Kate Kellaway 

The Boy Who Could See Death review – pearls from Salley Vickers’s little box of tricks

The writer and psychoanalyst’s latest collection of short stories reveals her as a master of sleight of hand
  
  

boy who saw death review
Salley Vickers: 'pricelessly entertaining'. Photograph: Antonio Olmos Photograph: Antonio Olmos

The most satisfying short stories rely on sleight of hand. As a reader, one looks but does not see until, at the end, everything one thought true must be assessed in a new light. Salley Vickers has mastered this art to perfection and effortlessly – sometimes deviously – conjures surprises. It is more than a matter of form. One of the pleasures of reading her is in her calm generalisations that tend to startle: “Any potential tragedy has an element of excitement about it.” “Good marriages are not always based on mutual understanding.” “Of course, all sentimentalists are sadists.” There is no “of course” about any of it. But there is a link between these pronouncements: Vickers’s inclination is to set the cat among the pigeons.
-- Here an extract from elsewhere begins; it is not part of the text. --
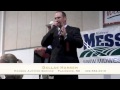 Dallas Hansen sells at... View Video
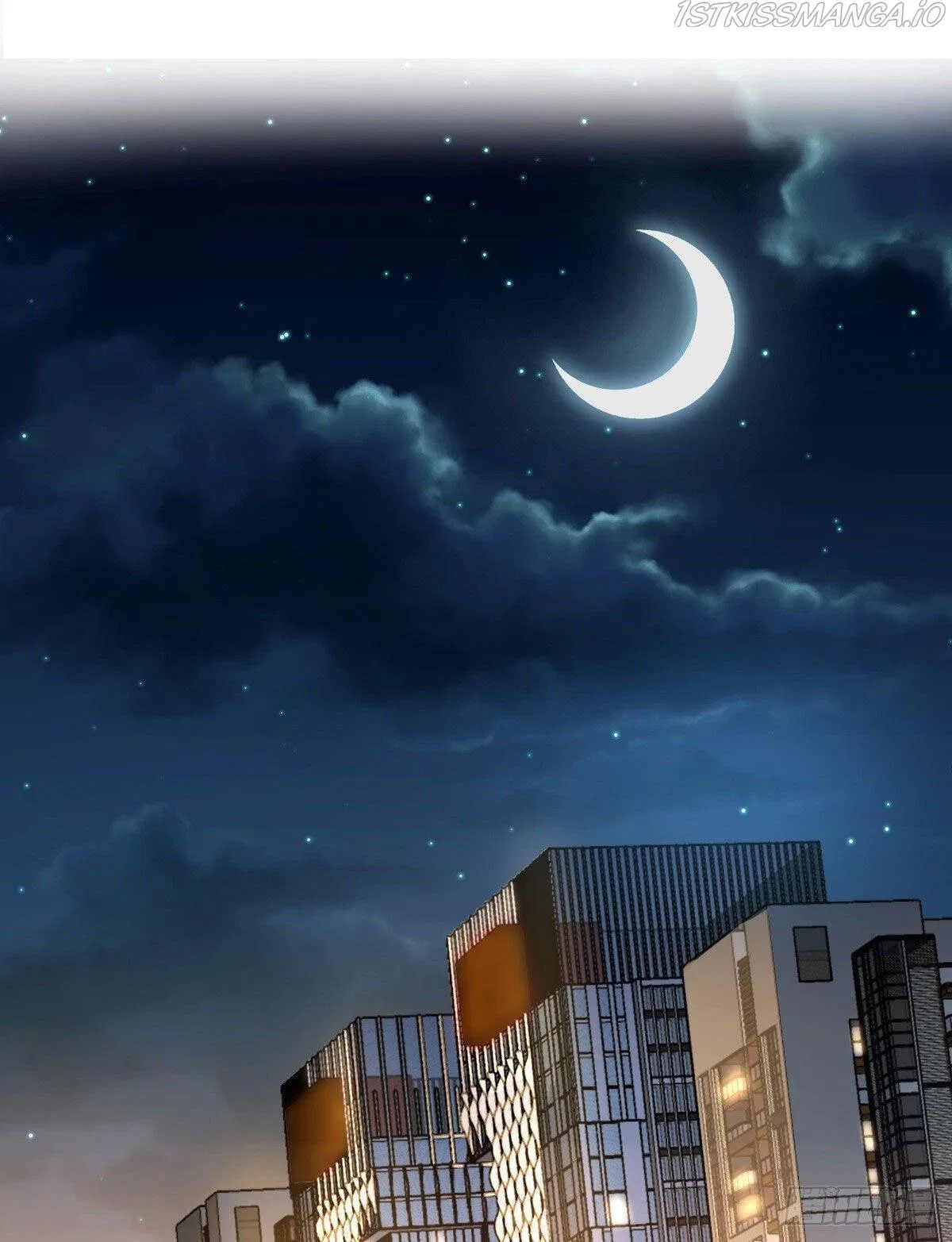 My Wife Is From a Thousand Years Ago Chapter 13 – Page 3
In her introduction, she explains that the stories were inspired by real places and friends – the late Deborah Rogers (not Vickers’s literary agent but a “dear friend”) is the inspiration for the disruptively enjoyable “Rescue” in which death involves an unwelcome rewriting of history. Vickers shared a “forensic and sometimes fantastical view of human nature” with Rogers, and in the opening story, “The Churchyard”, extends her forensic eye to nature. The story was inspired by a cottage – renamed Quince cottage – near Stratford-upon-Avon. A woman, recently separated, considers the rural scene in pleasingly exact detail. She notices that male blackbirds have “yellow bills assertively forward”. She longs to spot a barn owl as she once did with her absent man. She envies a heron whose heart cannot be broken. She then refines this to: “Paltered with. Worse than broken.” Paltered (to trifle with, or equivocate), first cousin to faltered, is a word I now plan to adopt. Vickers’s vocabulary is choice though never pretentiously rarefied. And at Quince cottage, the woman then settles down to the television news: “The violence and prevailing gloom were palliatives to a savaged breast.” It is another shocker of a passing thought because it rings true.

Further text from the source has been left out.